It seems to me that if you opt to send you crash dumps to microsoft during install (by not opting out) and then opt into creating a crash dump by setting GOTRACEBACK=crash, then having your crash dump uploaded to microsoft is the expected behavior. Given that this only happens on insider builds, it isn't even that sketchy that the option is preselected. Since this is already gated by two options I don't think adding a third opt-in (through a new flag) is going to make a difference. IMO it's either:

  • add a courtesy reminder that windows does this in the documentation of GOTRACEBACK (and maybe the release notes), or
  • do not implement GOTRACEBACK=crash on windows and document that this is the reason.

aarzilli avatar Nov 09 '21 07:11 aarzilli

Given that this only happens on insider builds, it isn't even that sketchy that the option is preselected.

This wasn't an insider build; I was installing the Windows 11 final release.

zx2c4 avatar Nov 09 '21 12:11 zx2c4

Given that this only happens on insider builds, it isn't even that sketchy that the option is preselected.

This wasn't an insider build; I was installing the Windows 11 final release.

That sucks.

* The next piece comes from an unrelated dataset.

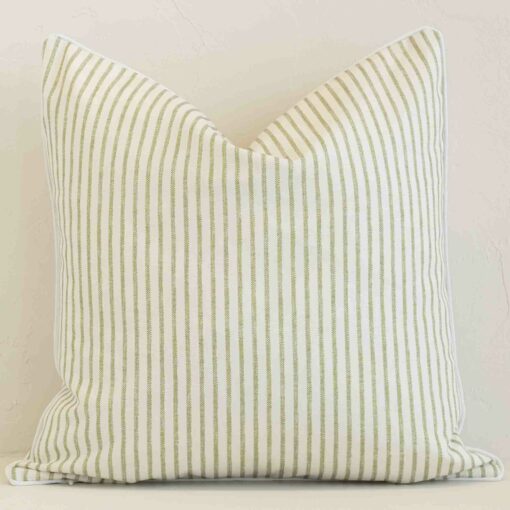 Outdoor square cushion with a stripe design in an upright position against a white brick wall. It is sage in colour.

Still, I don't think it changes the rest of my opinion.

aarzilli avatar Nov 09 '21 12:11 aarzilli

I assume there's something in the registry that enables the "sending to MS" behavior. I wonder if we could detect that and either:

a) Not enable WER or b) Enable WER but warn the user or c) Simply refuse to run when you have that combination (GOTRACEBACK=crash and uploading is enabled)?

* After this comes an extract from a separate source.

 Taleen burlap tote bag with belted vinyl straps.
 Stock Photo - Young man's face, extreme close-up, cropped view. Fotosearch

Enabling GOTRACEBACK=crash even when you don't actually want the file on disk is not an unreasonable functionality, and was there before this change (it gives you some additional crash information). To get the added behavior that you upload crashdumps to a third party does not seem expected in those cases. At least a stern warning seems mandated, but I'd actually prefer to disable/revert the change for 1.18 and decide exactly how we want to proceed.

bufflig avatar Nov 09 '21 20:11 bufflig

I'd actually prefer to disable/revert the change for 1.18 and decide exactly how we want to proceed.

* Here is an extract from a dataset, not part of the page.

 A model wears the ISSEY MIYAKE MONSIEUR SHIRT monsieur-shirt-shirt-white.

This has already happened, FYI.

There's also the WER option to pop up a UI asking for consent. I suspect this won't work in services, though.

Also, I wonder if we could ditch this whole WER set of options and just create a minidump ourselves? https://docs.microsoft.com/en-us/windows/win32/api/minidumpapiset/nf-minidumpapiset-minidumpwritedump

zx2c4 avatar Nov 09 '21 20:11 zx2c4

To clarify: this is only when GOTRACEBACK=crash is set, right?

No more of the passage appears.